Mais le ministère a intégré plusieurs autres objectifs dans ce qui ressemble parfois à "une boite à outils". Le verdissement des transports, la place des autorités organisatrices au cœur de la loi, la programmation des chantiers sur les infrastructures avec une hiérarchisation des projets, la place des nouvelles mobilités et bien entendu les transports du quotidien.

240 amendements votés par les sénateurs

Le Sénat débute mardi 19 mars l’examen en première lecture de la LOM avec un vote prévu le 2 avril prochain avant de passer le relais aux députés. Pendant dix jours, les sénateurs ont examiné en commission ce projet de loi et surtout les 640 amendements, dont finalement 240 ont été retenus. Le ministère se réjouit d’un nombre d’amendements, somme toute raisonnable, et de leur contenu qui ne remet pas en cause "les grands équilibres du texte. Les sénateurs travaillent beaucoup sur les financements. Sur les infrastructures, il y a peu de changements."

Si le vote de la LOM n’est prévu que cet été avec près d’un an de retard, en raison notamment de la priorité qui a été mise sur la Loi pour un nouveau pacte ferroviaire, le gouvernement souhaitait que ce projet de loi soit discuté avant la fin du grand débat. "Les sujets de la LOM avaient déjà été évoqués pendant les Assises de la mobilité et répondent à certaines revendications des Gilets jaunes", précise-t-on à l’Hôtel Roquelaure, siège du ministère de la Transition écologique et solidaire.

Durant le quinquennat, le gouvernement a prévu d’investir 13,4 milliards d’euros, dont seulement 600 millions d’euros pour les nouveaux grands projets. "Les LGV restent dans la programmation, mais arrivent à la fin." Une manière de ne pas froisser certains grands élus qui veulent leur ligne à très grande vitesse… La priorité est bien entendu les transports du quotidien, ce qui implique une remise à niveau des réseaux ferrés et routiers, le renouvellement ces trains vétustes comme les Intercités rebaptisés Trains d’équilibre du territoire (TET).

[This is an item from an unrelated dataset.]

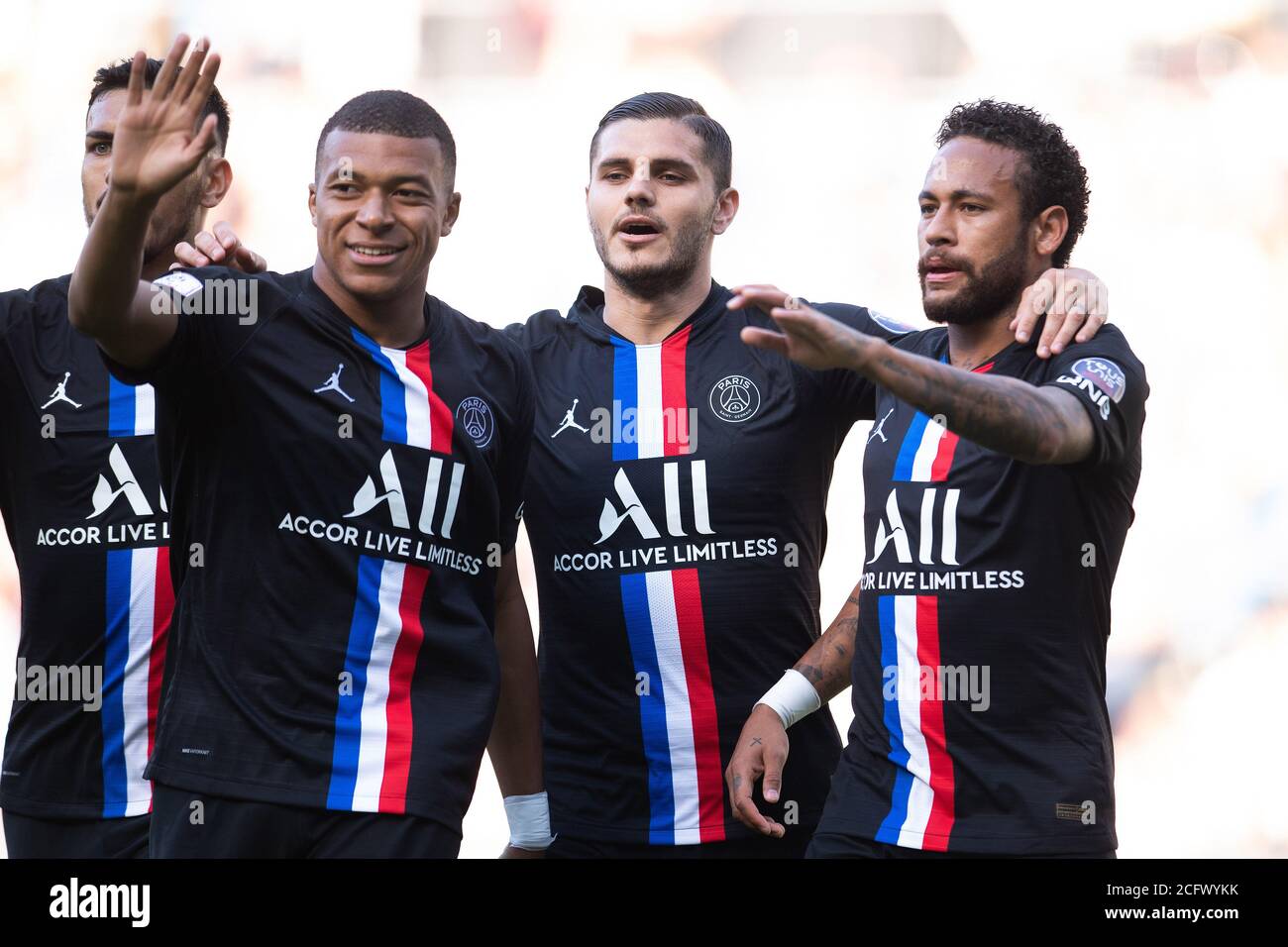 Paris, France. 12 juillet 2020. La photo du fichier prise le 12 juillet 2020 montre que (de L à R) Pablo Sarabia, Kylian Mbappe, Mauro Icardi et Neymar de Paris Saint Germain célèbrent lors d'un match de football amical entre Paris Saint Germain et le Havre au stade Ocean du Havre, en France. la fédération française de football (FFF) a annoncé que Kylian Mbappe, l'avant-projet français de Paris Saint Germain, s'est révélé positif pour le virus COVID-19 et qu'il manquera le match de la Ligue des Nations de l'UEFA contre la Croatie. Crédit : Jack Chan/Xinhua/Alay Live News Banque D'Images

40% du diesel consommé par les camions est acheté hors de France

Pour le quinquennat suivant, ce sont 14,3 milliards d’euros qui sont prévus. Reste à trouver les financements. Les sénateurs ont affecté la totalité du produit de la taxe sur les carburants décidée en 2014, soit 1,2 milliard d’euros à l’Agence de financement des infrastructures de transport de France (AFITF).

La LOM  doit instaurer des forfaits "mobilités durables", dont le montant maximum pourrait atteindre 400 euros. Les sénateurs proposent le cumul de ce forfait avec le remboursement d’une partie des transports en commun.

Des mesures doivent favoriser le développant du vélo, des voitures électriques, la lutte contre la pollution avec les zones à faible émission (ZFE), la régulation des nouvelles mobilités par les autorités organisatrices de mobilité, qui pourront être des communautés de communes ou des régions. Certains sujets ne sont pas tranchés comme une vignette pour les poids-lourds. Taxer les poids-lourds étrangers ne concernerait que 8% des véhicules. Par contre, 40% de l’essence consommée est achetée hors de France.

Les solutions proposées par cette loi doivent répondre à certains constats alarmants comme les émissions de CO2 qui sont générées à 30% par les transports et le fait que 25% des Français aient refusé une offre d’emploi faute de solutions de mobilité. Réponse au début de l’été.